Data entries
┄┄┄┄┄┄

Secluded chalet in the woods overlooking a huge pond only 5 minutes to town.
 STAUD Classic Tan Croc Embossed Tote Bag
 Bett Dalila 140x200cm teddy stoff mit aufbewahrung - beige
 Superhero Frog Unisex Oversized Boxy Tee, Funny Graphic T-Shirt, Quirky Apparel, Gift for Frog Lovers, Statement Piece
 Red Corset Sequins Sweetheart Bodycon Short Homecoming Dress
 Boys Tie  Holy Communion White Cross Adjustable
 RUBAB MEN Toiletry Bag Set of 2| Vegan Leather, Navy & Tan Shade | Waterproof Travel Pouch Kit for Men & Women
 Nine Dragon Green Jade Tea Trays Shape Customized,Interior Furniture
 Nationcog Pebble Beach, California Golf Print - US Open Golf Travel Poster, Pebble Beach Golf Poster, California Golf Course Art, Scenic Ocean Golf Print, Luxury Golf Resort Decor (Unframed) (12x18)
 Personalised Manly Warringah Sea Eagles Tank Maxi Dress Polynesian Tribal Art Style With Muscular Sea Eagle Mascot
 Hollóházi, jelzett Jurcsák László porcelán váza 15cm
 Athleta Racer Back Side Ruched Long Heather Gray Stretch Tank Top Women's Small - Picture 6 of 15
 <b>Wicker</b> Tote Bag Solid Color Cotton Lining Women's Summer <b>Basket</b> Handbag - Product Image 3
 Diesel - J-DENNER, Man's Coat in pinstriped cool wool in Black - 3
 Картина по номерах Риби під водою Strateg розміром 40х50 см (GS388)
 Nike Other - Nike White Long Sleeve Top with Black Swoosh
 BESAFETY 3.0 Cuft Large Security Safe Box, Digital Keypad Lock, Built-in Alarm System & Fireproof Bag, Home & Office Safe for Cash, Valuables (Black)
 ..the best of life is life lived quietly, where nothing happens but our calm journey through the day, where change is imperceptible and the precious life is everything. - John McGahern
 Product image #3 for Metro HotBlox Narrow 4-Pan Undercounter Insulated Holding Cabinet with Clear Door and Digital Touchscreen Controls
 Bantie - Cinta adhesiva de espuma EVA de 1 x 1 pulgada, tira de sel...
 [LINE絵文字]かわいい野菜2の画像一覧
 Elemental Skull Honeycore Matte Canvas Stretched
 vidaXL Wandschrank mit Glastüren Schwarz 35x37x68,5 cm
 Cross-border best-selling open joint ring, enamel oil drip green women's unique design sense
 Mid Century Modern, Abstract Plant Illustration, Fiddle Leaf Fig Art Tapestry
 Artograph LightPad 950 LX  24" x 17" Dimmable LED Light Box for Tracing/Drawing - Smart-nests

┄┄┄┄┄┄

__Task requirements__: All of the entries above need to be output again exactly.

__Result__:
Secluded chalet in the woods overlooking a huge pond only 5 minutes to town.
 STAUD Classic Tan Croc Embossed Tote Bag
 Bett Dalila 140x200cm teddy stoff mit aufbewahrung - beige
 Superhero Frog Unisex Oversized Boxy Tee, Funny Graphic T-Shirt, Quirky Apparel, Gift for Frog Lovers, Statement Piece
 Red Corset Sequins Sweetheart Bodycon Short Homecoming Dress
 Boys Tie  Holy Communion White Cross Adjustable
 RUBAB MEN Toiletry Bag Set of 2| Vegan Leather, Navy & Tan Shade | Waterproof Travel Pouch Kit for Men & Women
 Nine Dragon Green Jade Tea Trays Shape Customized,Interior Furniture
 Nationcog Pebble Beach, California Golf Print - US Open Golf Travel Poster, Pebble Beach Golf Poster, California Golf Course Art, Scenic Ocean Golf Print, Luxury Golf Resort Decor (Unframed) (12x18)
 Personalised Manly Warringah Sea Eagles Tank Maxi Dress Polynesian Tribal Art Style With Muscular Sea Eagle Mascot
 Hollóházi, jelzett Jurcsák László porcelán váza 15cm
 Athleta Racer Back Side Ruched Long Heather Gray Stretch Tank Top Women's Small - Picture 6 of 15
 <b>Wicker</b> Tote Bag Solid Color Cotton Lining Women's Summer <b>Basket</b> Handbag - Product Image 3
 Diesel - J-DENNER, Man's Coat in pinstriped cool wool in Black - 3
 Картина по номерах Риби під водою Strateg розміром 40х50 см (GS388)
 Nike Other - Nike White Long Sleeve Top with Black Swoosh
 BESAFETY 3.0 Cuft Large Security Safe Box, Digital Keypad Lock, Built-in Alarm System & Fireproof Bag, Home & Office Safe for Cash, Valuables (Black)
 ..the best of life is life lived quietly, where nothing happens but our calm journey through the day, where change is imperceptible and the precious life is everything. - John McGahern
 Product image #3 for Metro HotBlox Narrow 4-Pan Undercounter Insulated Holding Cabinet with Clear Door and Digital Touchscreen Controls
 Bantie - Cinta adhesiva de espuma EVA de 1 x 1 pulgada, tira de sel...
 [LINE絵文字]かわいい野菜2の画像一覧
 Elemental Skull Honeycore Matte Canvas Stretched
 vidaXL Wandschrank mit Glastüren Schwarz 35x37x68,5 cm
 Cross-border best-selling open joint ring, enamel oil drip green women's unique design sense
 Mid Century Modern, Abstract Plant Illustration, Fiddle Leaf Fig Art Tapestry
 Artograph LightPad 950 LX  24" x 17" Dimmable LED Light Box for Tracing/Drawing - Smart-nests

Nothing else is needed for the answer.